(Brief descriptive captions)
* * * * *
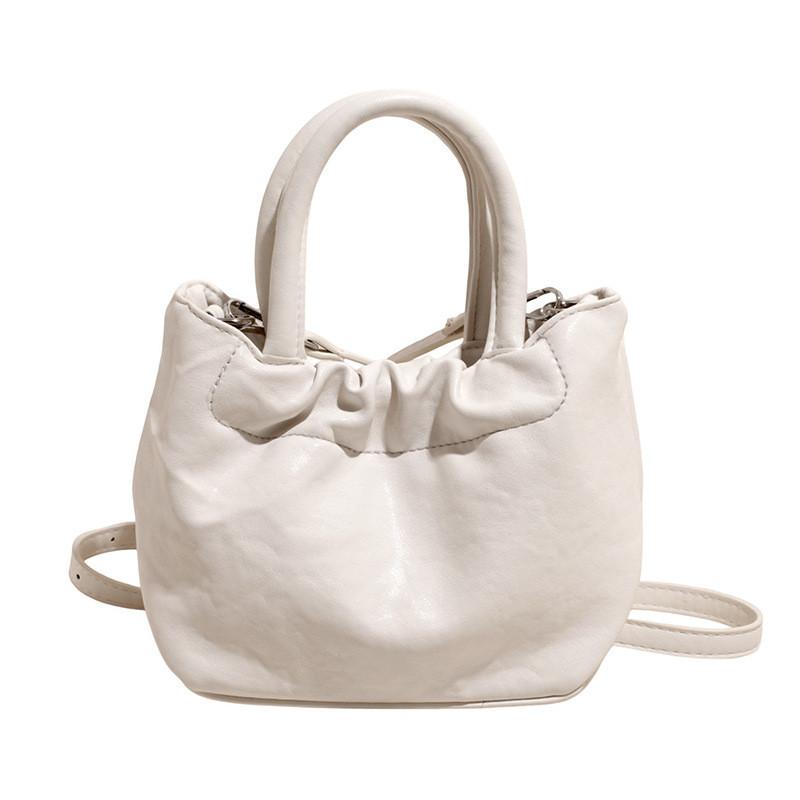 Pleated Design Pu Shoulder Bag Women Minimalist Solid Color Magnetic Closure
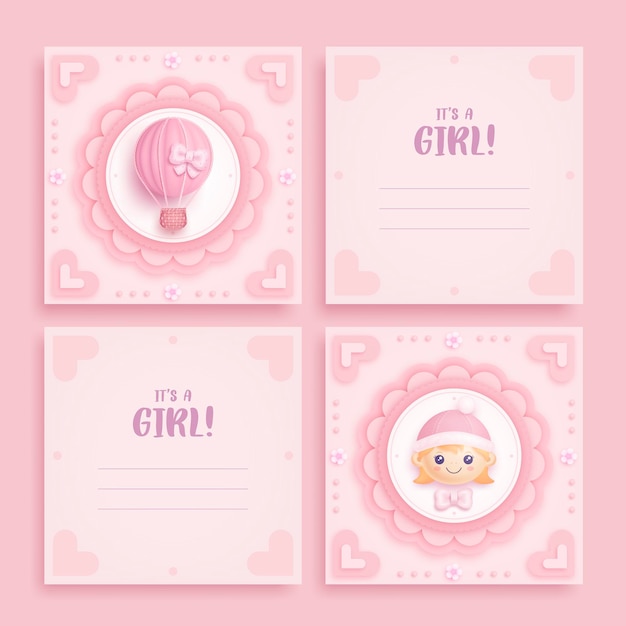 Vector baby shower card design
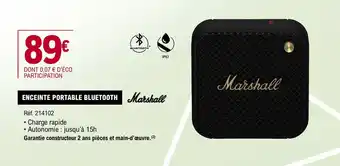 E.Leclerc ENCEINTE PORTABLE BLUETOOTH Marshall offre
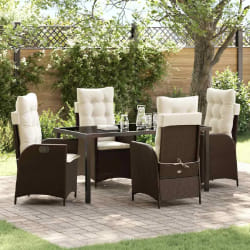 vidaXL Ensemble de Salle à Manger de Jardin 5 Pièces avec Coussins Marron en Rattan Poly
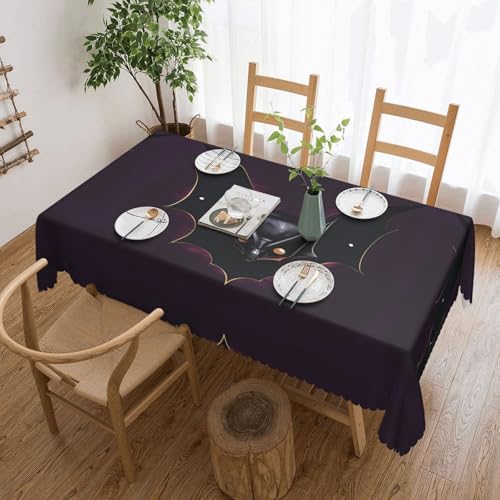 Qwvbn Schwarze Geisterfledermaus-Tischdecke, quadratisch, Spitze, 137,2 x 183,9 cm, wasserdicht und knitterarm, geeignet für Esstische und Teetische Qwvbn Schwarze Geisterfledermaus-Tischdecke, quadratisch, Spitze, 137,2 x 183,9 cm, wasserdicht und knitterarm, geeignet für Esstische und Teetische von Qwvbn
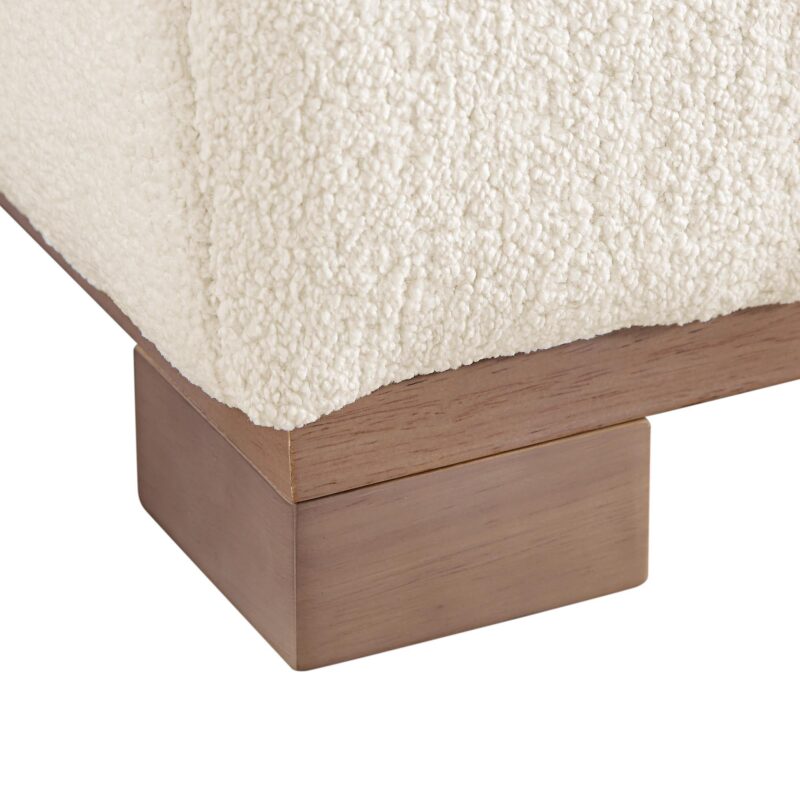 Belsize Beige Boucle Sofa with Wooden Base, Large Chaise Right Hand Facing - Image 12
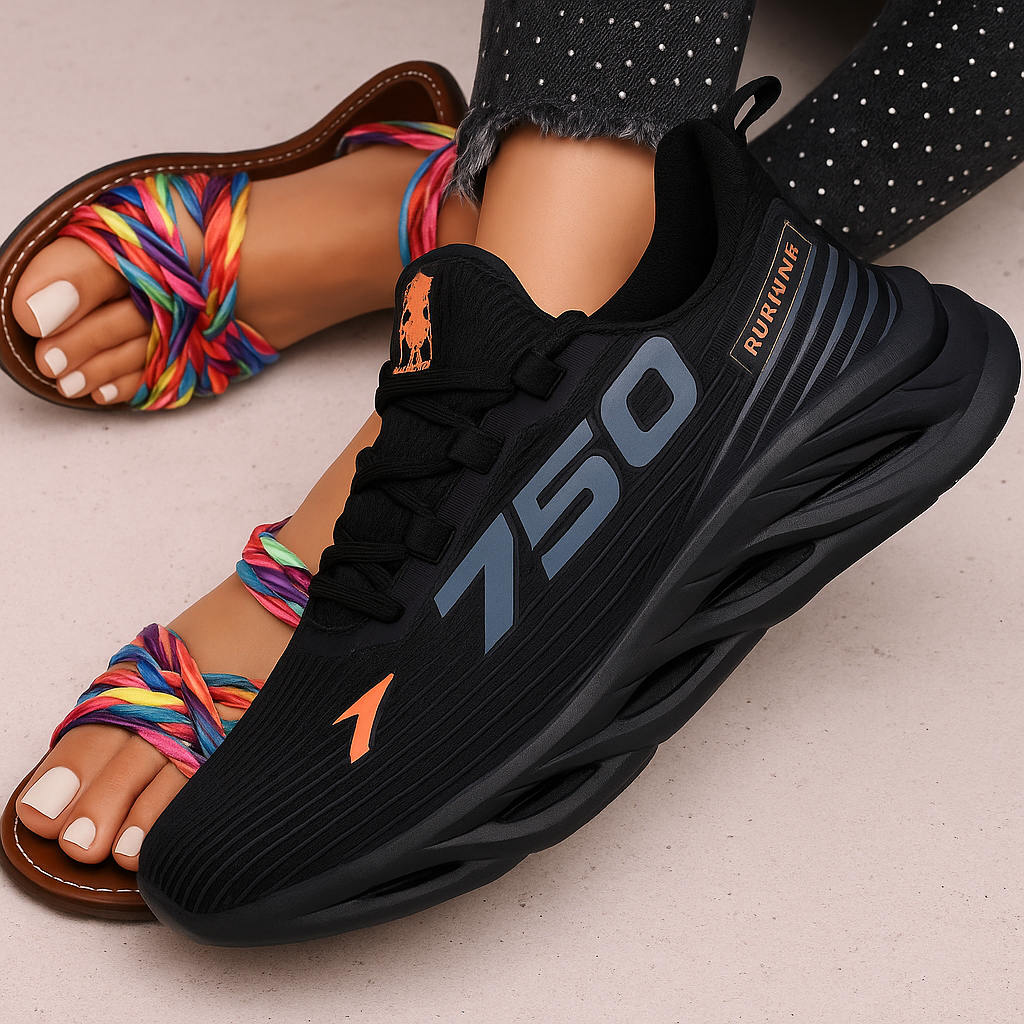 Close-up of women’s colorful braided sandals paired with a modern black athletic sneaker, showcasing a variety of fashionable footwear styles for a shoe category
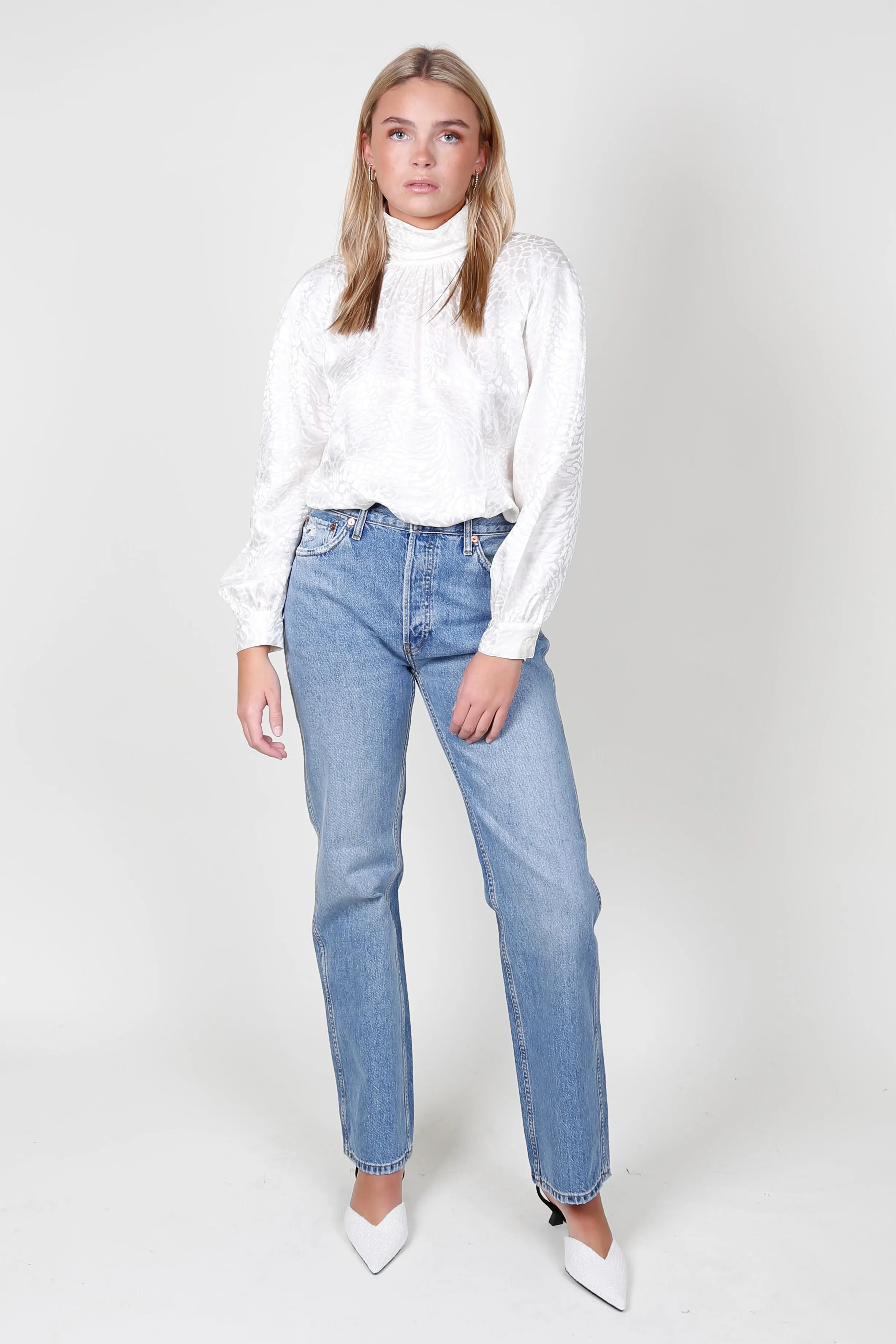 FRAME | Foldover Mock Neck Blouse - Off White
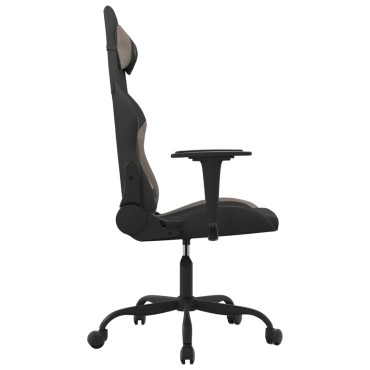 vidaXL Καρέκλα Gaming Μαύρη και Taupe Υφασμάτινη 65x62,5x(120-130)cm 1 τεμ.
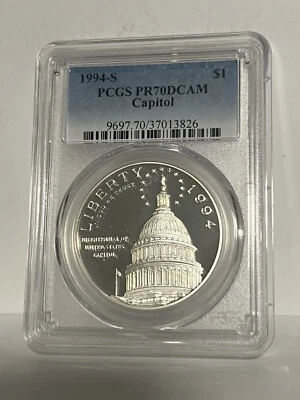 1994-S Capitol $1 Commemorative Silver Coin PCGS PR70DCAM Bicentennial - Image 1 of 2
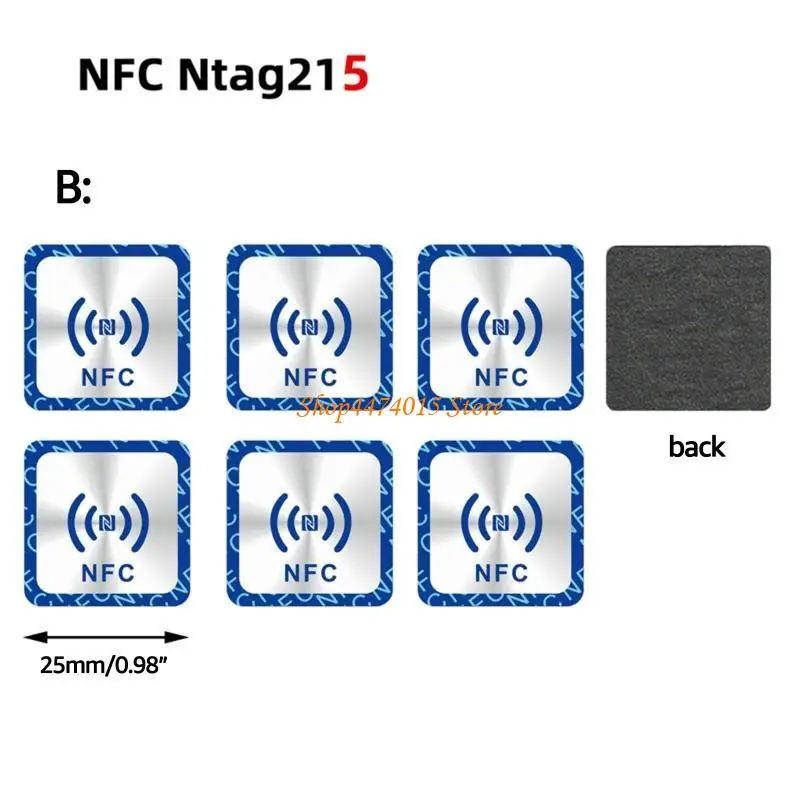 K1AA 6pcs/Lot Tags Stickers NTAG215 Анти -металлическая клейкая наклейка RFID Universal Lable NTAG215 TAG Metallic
* * * * *
▶ _TASK TO COMPLETE_
Retyping should start at the first line of the data above and stop after the line with "1994-S Capitol $1", and no picture should be included.

▶ _SOLUTION FOR THIS TASK_
 Pleated Design Pu Shoulder Bag Women Minimalist Solid Color Magnetic Closure
 Vector baby shower card design
 E.Leclerc ENCEINTE PORTABLE BLUETOOTH Marshall offre
 vidaXL Ensemble de Salle à Manger de Jardin 5 Pièces avec Coussins Marron en Rattan Poly
 Qwvbn Schwarze Geisterfledermaus-Tischdecke, quadratisch, Spitze, 137,2 x 183,9 cm, wasserdicht und knitterarm, geeignet für Esstische und Teetische Qwvbn Schwarze Geisterfledermaus-Tischdecke, quadratisch, Spitze, 137,2 x 183,9 cm, wasserdicht und knitterarm, geeignet für Esstische und Teetische von Qwvbn
 Belsize Beige Boucle Sofa with Wooden Base, Large Chaise Right Hand Facing - Image 12
 Close-up of women’s colorful braided sandals paired with a modern black athletic sneaker, showcasing a variety of fashionable footwear styles for a shoe category
 FRAME | Foldover Mock Neck Blouse - Off White
 vidaXL Καρέκλα Gaming Μαύρη και Taupe Υφασμάτινη 65x62,5x(120-130)cm 1 τεμ.
 1994-S Capitol $1 Commemorative Silver Coin PCGS PR70DCAM Bicentennial - Image 1 of 2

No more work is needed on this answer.